AtlasOfLivingAustralia / data-management

Data management issue tracking
7 stars 0 forks source link

Consolidate NatureMapr data #791

Closed peggynewman closed 4 months ago

peggynewman commented 2 years ago

Consolidate all of the NatureMapr data resources. Create a recurring job that pulls a full refresh from the API into a Darwin Core archive.

peggynewman commented 2 years ago

Progress update: the data is in production, but we're waiting

peggynewman commented 1 year ago

Still working on this - new data is in play but old DRs need to be removed.

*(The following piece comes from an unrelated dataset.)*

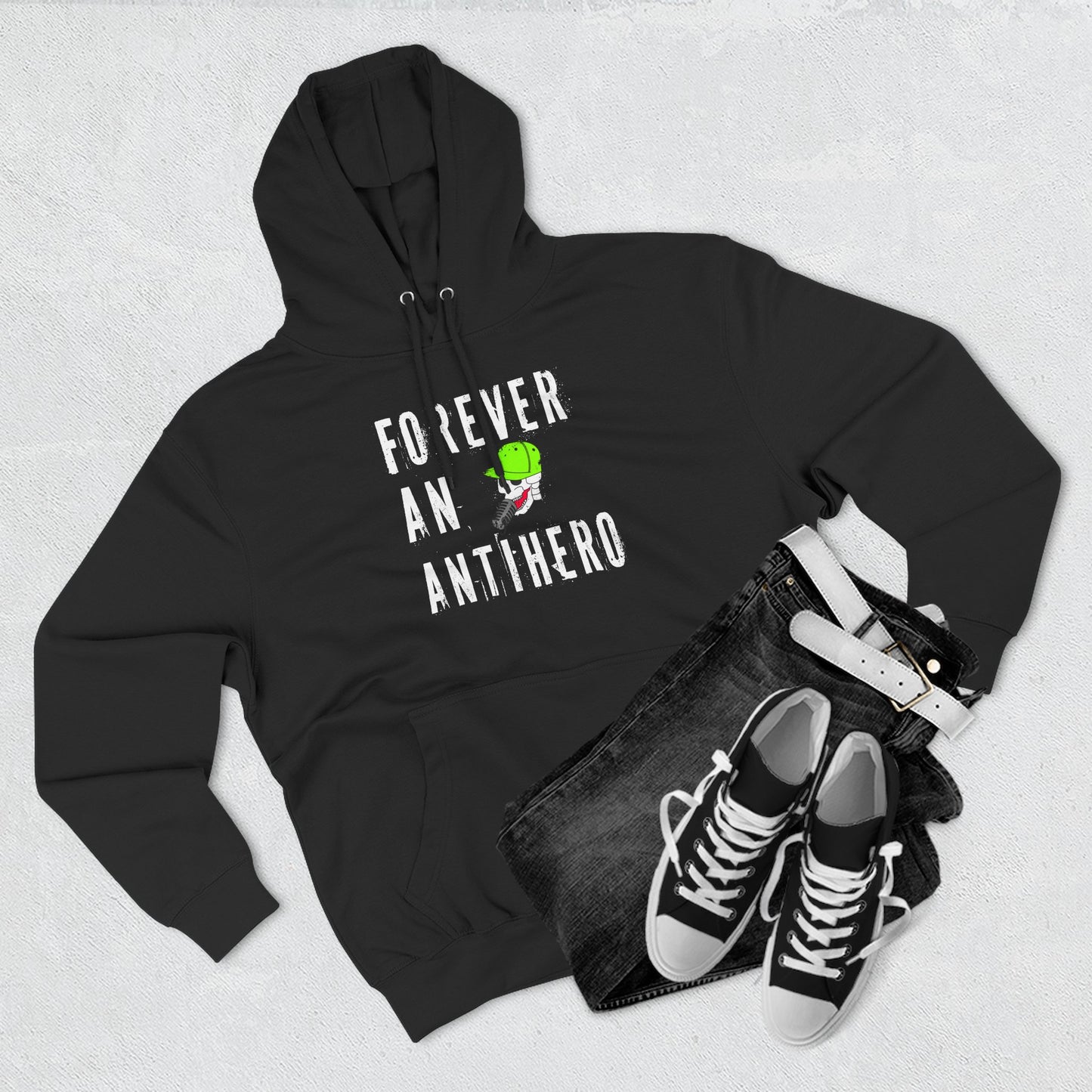 Forever an Antihero Hoodie — Grunge Joker Character Pullover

peggynewman commented 1 year ago

To do for @cha801p

  1. The metadata has disappeared from the DR and the DR name is misspelled. The DR name has propagated to each occurrence record. Fix the metadata and wait for an index rebuild.

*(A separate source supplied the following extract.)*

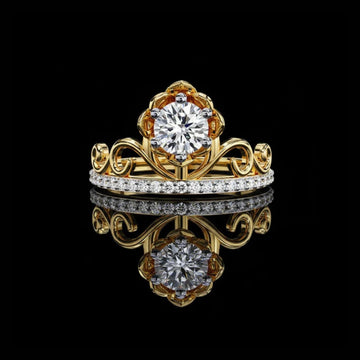 0.43 CT Vintage Floral Crown Moissanite Diamond Ring With Round Cut Center Stone & Pave Band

Metadata: Name: NatureMapr Short description: A citizen science platform to upload plant and animal sightings to contribute to real world outcomes across Australia. Long description: NatureMapr seeks to ensure every important plant and animal is known to the people charged in positions of power that can directly influence its protection, management or eradication. Anybody can report a plant or animal sighting in under a minute anywhere across Australia and: Promptly receive an expert identification of their record Be assured that the information will be received by the government organisations and research institutions that need to know about it Develop increased awareness and knowledge of important species through the sharing of knowledge within a thriving community

  1. These DRs need to be deleted

dr14081 - 724 Records - Albury Wodonga Nature Map dr702 - 31970 Records - Atlas of Life in the Coastal Wilderness dr14021 - 9125 Records - Budawang Coast Nature Map dr1947 - 90014 Records - Canberra Nature Map dr736 - 4575 Records - Frogwatch ACT and Region dr15273 - 1191 Records - Southern Highlands Nature Map

  1. Their corresponding datasets in GBIF need to be dealt with:

The DR (or "dataset") record can't be totally deleted in GBIF because it has a DOI associated with it. GBIF (helpdesk@gbif.org) says: We could link the old datasets to the new one before deleting the associated occurrences. The pages, DOI and citations will be preserved and they will link to the new dataset, see this example: https://www.gbif.org/dataset/84aa5ee4-f762-11e1-a439-00145eb45e9a If so, you will need to publish the new dataset and send us its link. We will then make the changes necessary.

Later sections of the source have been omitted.